■ Supplied information
::::::::::

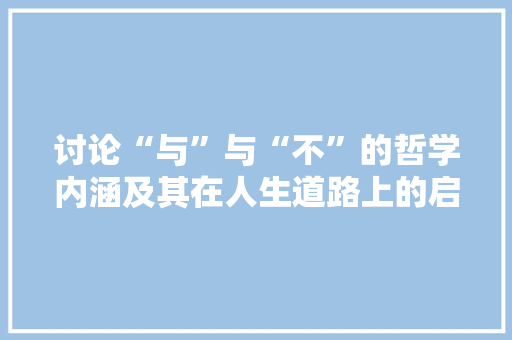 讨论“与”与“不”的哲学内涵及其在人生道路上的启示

::::::::::

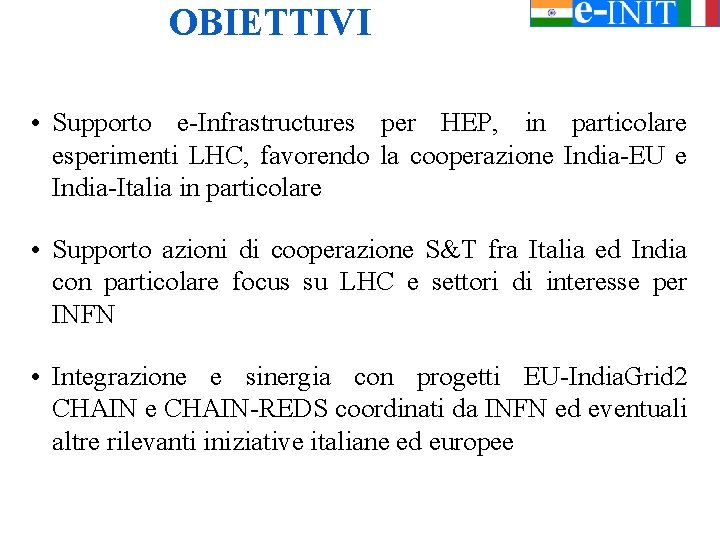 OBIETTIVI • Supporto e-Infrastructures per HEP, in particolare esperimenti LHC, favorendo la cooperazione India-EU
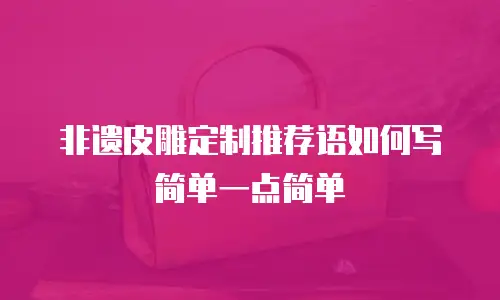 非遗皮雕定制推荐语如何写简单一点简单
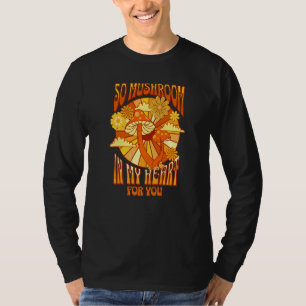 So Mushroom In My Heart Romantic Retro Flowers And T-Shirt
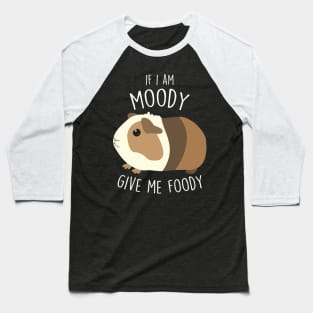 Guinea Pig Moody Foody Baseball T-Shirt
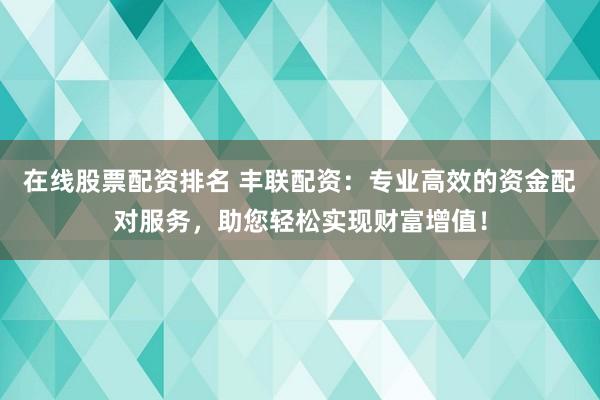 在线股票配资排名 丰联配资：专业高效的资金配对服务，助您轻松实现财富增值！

::::::::::

■ What you need to do
In the listing above, find the line with "非遗皮雕定制推荐语如何写简单一点简单" and the line with "在线股票配资排名 丰联配资：专业高效的资金配对服务，助您轻松实现财富增值！". Copy exactly those lines and all between them, minus the images.

■ Solution for this problem
 非遗皮雕定制推荐语如何写简单一点简单
 So Mushroom In My Heart Romantic Retro Flowers And T-Shirt
 Guinea Pig Moody Foody Baseball T-Shirt
 在线股票配资排名 丰联配资：专业高效的资金配对服务，助您轻松实现财富增值！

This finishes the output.